Inspired by the superb role of Pd catalysis in cross-coupling reactions49 and the exceptional chemoselectivity of the developed reactions to alkyl bromides (e.g., 3m–3p), an orthogonal one-pot sequential synthesis was proposed whereby the Pd complex obtained after the photoinduced reaction could adopt the additional role of a catalyst for traditional cross-coupling reactions. To our delight, following the photoinduced phenylation of 2m, the sequential Suzuki-Miyaura cross-coupling reaction smoothly afforded the corresponding arylated product 3mʹ in 55% yield by simply introducing a solution of aryl bromide 5a and K2CO3 in a mixture of EtOH/H2O followed by heating at 100 °C. These one-pot, sequential, Pd-catalyzed reactions using this single Pd source, driven by visible light irradiation and thermal energy, respectively, are an intriguing combination of single-electron and two-electron catalysis, which can provide an operationally simple protocol to form two C–C bonds consecutively.

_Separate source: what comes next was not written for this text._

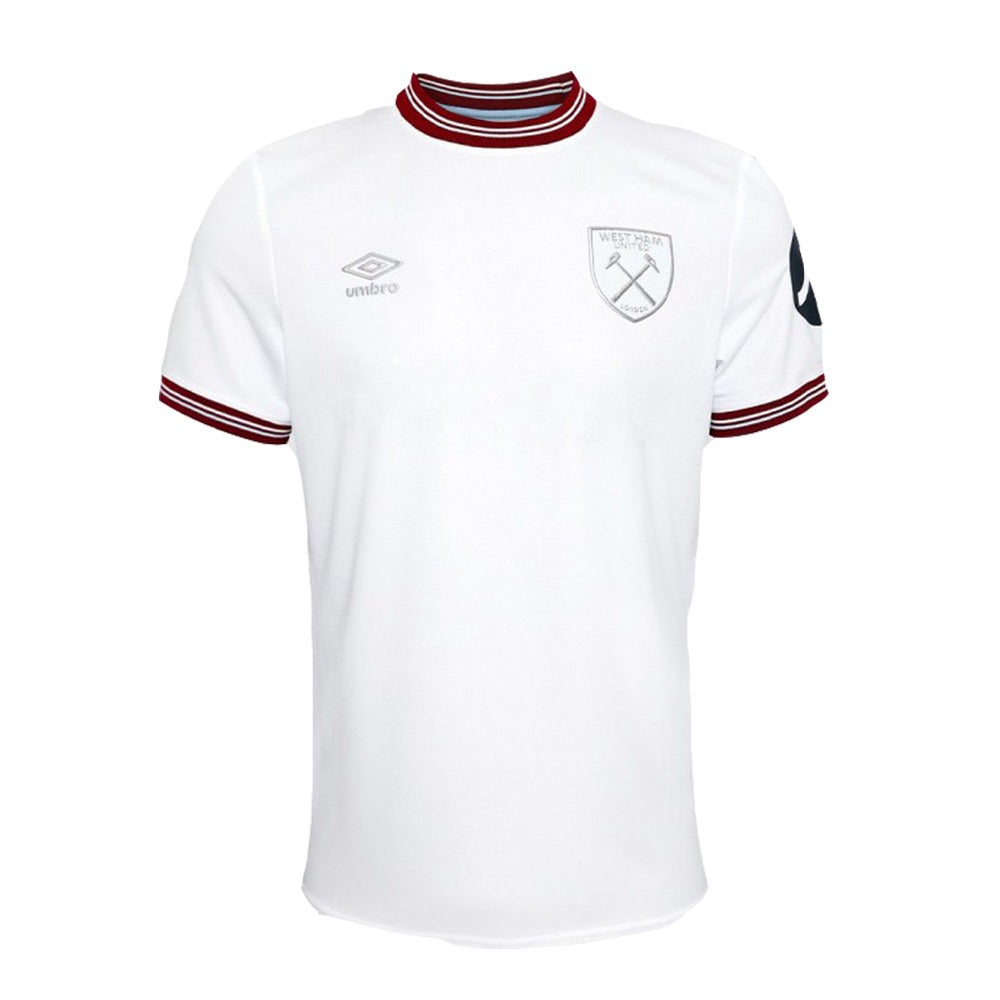 MAILLOT WEST HAM EXTERIEUR 2023/2024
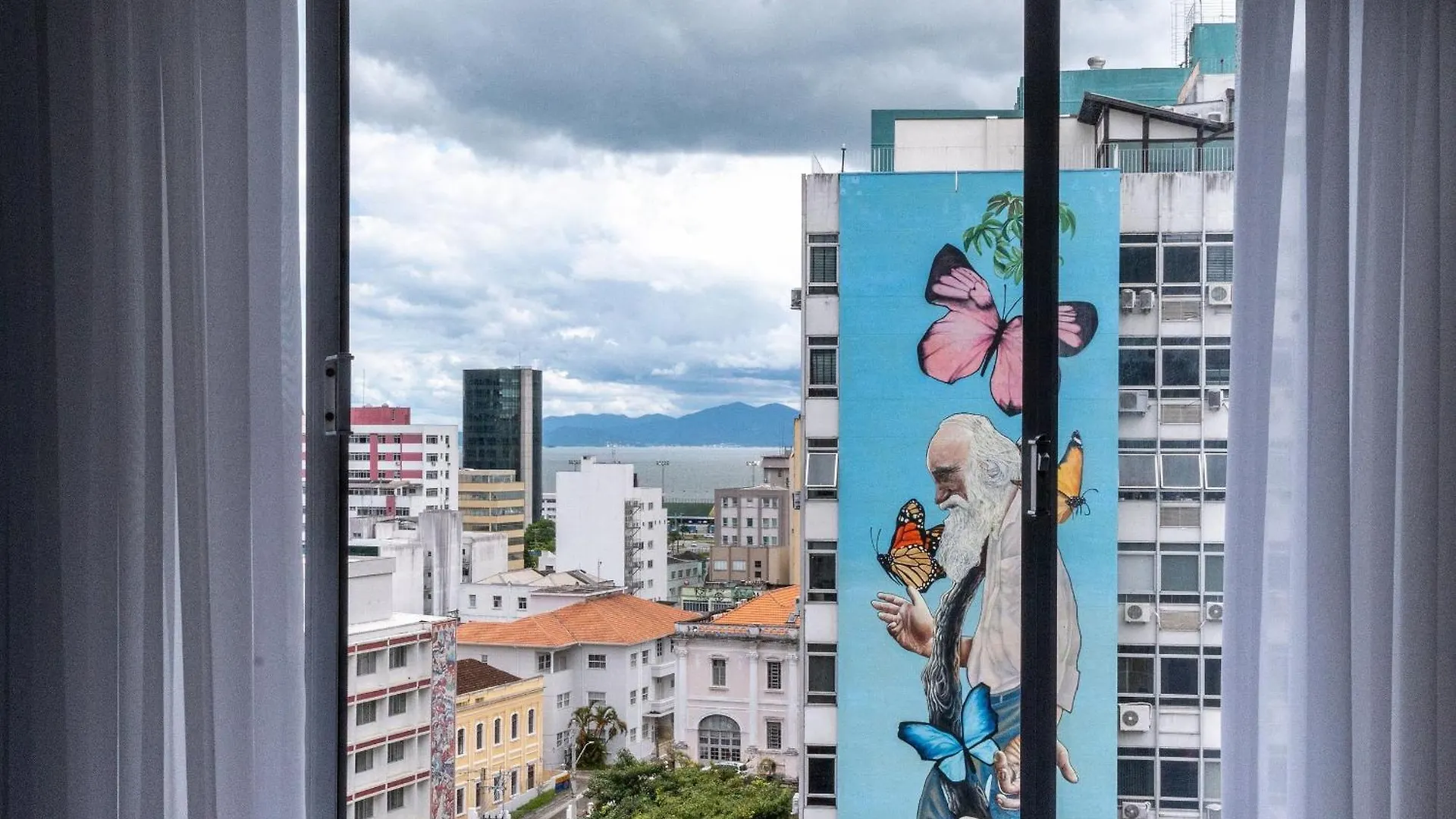 Loft Residenza Centro By Achei Florianopolis Apartment Brazil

The scope of the arene (C–H) coupling partners was then investigated using 2x under the optimized conditions (Table 4). Reactions employing electronically diverse arenes efficiently afforded the desired products in a regioisomeric mixture. The observed regioselectivities are in good accordance with those previously reported for HAS reactions25,26,45,50,51,52. More specifically, reaction with anisole and halobenzenes produced compounds 4b–4d in yields of 64–88%, favoring the ortho-product, which could be rationalized by considering the inductive effect26. Benzonitrile also exhibited a good reactivity, favoring ortho- and para-isomers (4e) due to the resonance effect of the nitrile group26. In addition, when 1,1,1-trifluorotoluene 1f was employed as the coupling partner, the para-isomer dominated (4f). Hyperconjugation of the fluorine atom, which favors the formation of a positive charge in the ortho- and para-positions, could drive the unusual para- preferred functionalization of 1f due to steric repulsion at the ortho-position26. A lower reactivity was observed with 1,3-benzodioxole (4g) due to an increased electron density. When toluene or aniline was employed as the arene substrate, poor reactivity was observed, producing a large amount of debromination byproducts, presumably due to undesired HAT reactions from benzylic C–H and N–H bonds. In terms of disubstituted arene substrates, couplings to the most electron-deficient position were dominant. For example, when 4-fluoroanisole 1h was used, the ortho-coupling product relative to the fluorine atom was observed as the major isomer (4h), and for 1,3-difluorobenzene (1i), the most electronically favored 2-position was majorly alkylated (4i). However, to our surprise, 1,3,5-trifluorobenzene (4k) and 1,3,4,5-tetrafluorobenzene (4l) exhibited lower reactivities, while pentafluorobenzene 1m gave no reaction, despite the fact that electrophilic polyfluoroarenes should be more reactive in HAS-type reactions, providing a further distinctive mechanistic insight of the developed reaction which will be discussed below.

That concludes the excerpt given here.